16. Yet listen to me, backslider; this terrible sentence has not yet been pronounced on you. The voice of God still cries to you, “Draw near to me.” Where are you fleeing, my brother? Are you seeking to escape from God’s righteous judgments? That is impossible, for his thunderbolts will soon overtake you, and seal your eternal doom. Do not run away from him, but draw near to him; throw down your weapons of rebellion, and fall prostrate before him, seeking the forgiveness which he is willing and waiting to bestow on you. Let me take you by the hand, and try to encourage you to come near to the Lord this very moment. Do you ask, “How can I come near to him?” Come just as you came to him at the first. Perhaps you reply, “But I never really came to him properly.” Then come to him properly just now. I came to him as a sinner, and he gave me a hearty welcome, and he will receive you just as graciously if you only come to him with whole-hearted repentance for your sin, and true faith in Jesus Christ as your only Saviour.
17. But here is one who ran well, yet she has been hindered. Backsliding woman, remember that your God is married to you, and that he invites you to return to him. Backsliding man, you have turned aside from your God, yet he still loves you, and cries out to you, “Return, return, return.” The Lord still says, as he did in Jeremiah’s day, “Return, you backsliding children, and I will heal your backslidings.” Oh, that you would reply even as they did, “Behold, we come to you; for you are the Lord our God!” I am sure that you are not happy in your present condition; on the contrary, you are as sad and miserable as you can possibly be. This very house of prayer reminds you of your former privileges and joys, of the days when you delighted in God, and felt that you were indeed on your way to heaven. You cannot be content to live in the far country among the swine that are no fit companions for you; leave the husks to the pigs, they can never satisfy your hunger. Come back to your Father, poor prodigal! Though your clothes are in rags, though you are steeped in filth, though you have sinned most grievously, come back to your Father, and he will receive you with open arms and open heart I will not act towards you as the older brother did to the prodigal, but I will welcome you as a brother if you are indeed a brother; and if you are not a brother, you are a sinner, and “this is a faithful saying, and worthy of all acceptance, that Christ Jesus came into the world to save sinners,” even the very chief. So, “believe in the Lord Jesus Christ, and you shall be saved.” Put your soul’s affairs into his hands, ask him to be your Advocate, to plead your cause before the King; he never yet lost a case that was entrusted to him, and he will not lose yours.
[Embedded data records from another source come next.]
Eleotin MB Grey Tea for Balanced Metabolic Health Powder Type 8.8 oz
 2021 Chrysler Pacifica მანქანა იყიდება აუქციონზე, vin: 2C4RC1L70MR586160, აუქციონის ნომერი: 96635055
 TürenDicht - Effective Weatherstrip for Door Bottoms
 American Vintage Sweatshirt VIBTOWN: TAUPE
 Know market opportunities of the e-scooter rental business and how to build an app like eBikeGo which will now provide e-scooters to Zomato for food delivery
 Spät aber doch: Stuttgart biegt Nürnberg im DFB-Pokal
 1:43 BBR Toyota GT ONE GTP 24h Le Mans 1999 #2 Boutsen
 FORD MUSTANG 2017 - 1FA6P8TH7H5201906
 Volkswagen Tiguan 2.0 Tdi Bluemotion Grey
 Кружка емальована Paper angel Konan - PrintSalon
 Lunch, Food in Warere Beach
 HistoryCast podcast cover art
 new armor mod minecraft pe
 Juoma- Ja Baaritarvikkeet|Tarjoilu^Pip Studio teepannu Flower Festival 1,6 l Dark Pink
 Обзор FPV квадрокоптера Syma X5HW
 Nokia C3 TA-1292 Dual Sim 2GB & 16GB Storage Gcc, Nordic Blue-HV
18. III. I have almost anticipated the last division of my discourse, but, I must close by giving from my text AN INVITATION TO THE UNCONVERTED: “Draw near to God, and he will draw near to you.”
19. The great gospel rings out again, and the same note sounds to the sinner as to the saint; not that there is any implication in this text that the sinner can draw near to God by his own unaided power, or that he comes first, and God comes next, or that there is any natural willingness in the sinner to come to God. The text seems to me to show the difference between the law and the gospel. God said even to Moses, the chosen leader of his ancient people, “Do not draw near here: take off your shoes from your feet, for the place on which you stand is holy ground.” But under the gospel God says to the sinner, “Draw near here; it is true that this is holy ground, but it is sprinkled with blood, the blood of my only-begotten and well-beloved Son and if the blood is also sprinkled on you, you may draw near, and you cannot come too near, so come and welcome, sinner, come.” If it were a question of merit, or of justification by the works of the law, the sinner might well try to flee from the avenging hand of divine justice; but on the basis of divine love, and pity, and mercy, and free and sovereign grace, the sinner may draw near to God though he has nothing to recommend him, he may come just as he is, and God in mercy will draw near to him. Should there be here a swearer, a drunkard, or one who has committed the foulest of sins, the text says to him in the sense in which I have explained it, “Draw near to God, and he will draw near to you.” Sinner, if you repent of your sin, and trust in Jesus as your Saviour God will not spurn you, and drive you from him, but he will draw near to you as you draw near to him.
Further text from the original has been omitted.